Google Groups no longer supports new Usenet posts or subscriptions. Historical content remains viewable.
Dismiss

Dropping remains of support for non-UTF-8 file paths on Gtk platforms (was: Re: Please do not use GetNativePath and GetNativeTarget in XP code and Windows-specific code)

110 views
Skip to first unread message

Henri Sivonen

unread,
Dec 4, 2017, 6:20:00 AM12/4/17
to Makoto Kato, Masatoshi Kimura, dev-platform
On Fri, Dec 1, 2017 at 3:15 AM, Makoto Kato <m_k...@ga2.so-net.ne.jp> wrote:
> I think that we don't have any data when user doesn't use non-UTF-8
> (and C) locale such as ja_JP.eucJP. We should get data via telemetry.

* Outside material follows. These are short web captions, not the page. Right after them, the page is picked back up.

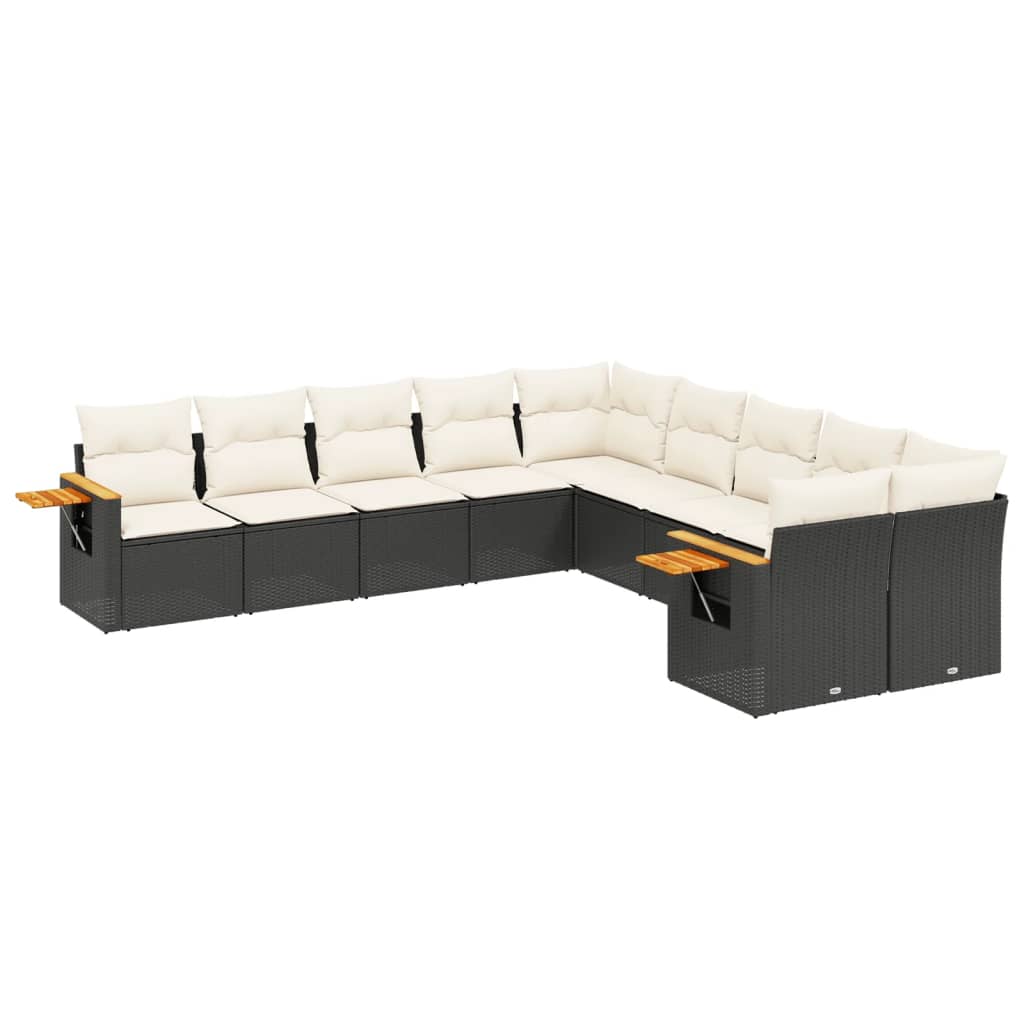 10-delige Loungeset met kussens poly rattan zwart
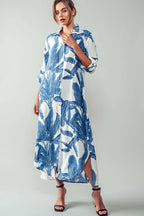 Tropical Palm Leaf Button - Down Midi Dress - Resort and Spring Collection Clothing La Vie Bien Tropical Palm Leaf Button - Down Midi Dress - Resort and Spring Collection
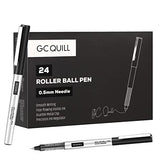 GC QUILL Rollerball Pens, Pack of 24, 0.5mm Black Liquid Ink Pens for Bullet Journaling, Fine Point Rollerball, Office Supplies for Writing, Taking GC QUILL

What should the telemetry measure? (Measuring whether we compute paths
to be UTF-8 in the code that still supports non-UTF-8 configurations
would probably be the wrong thing to measure, because the "C" locale
doesn't compute to UTF-8 and no one has cared enough to fix that.)

What kind of telemetry data would we need to see in order to proceed
with https://bugzilla.mozilla.org/show_bug.cgi?id=960957 (removing the
remains of support for non-UTF-8 file paths)?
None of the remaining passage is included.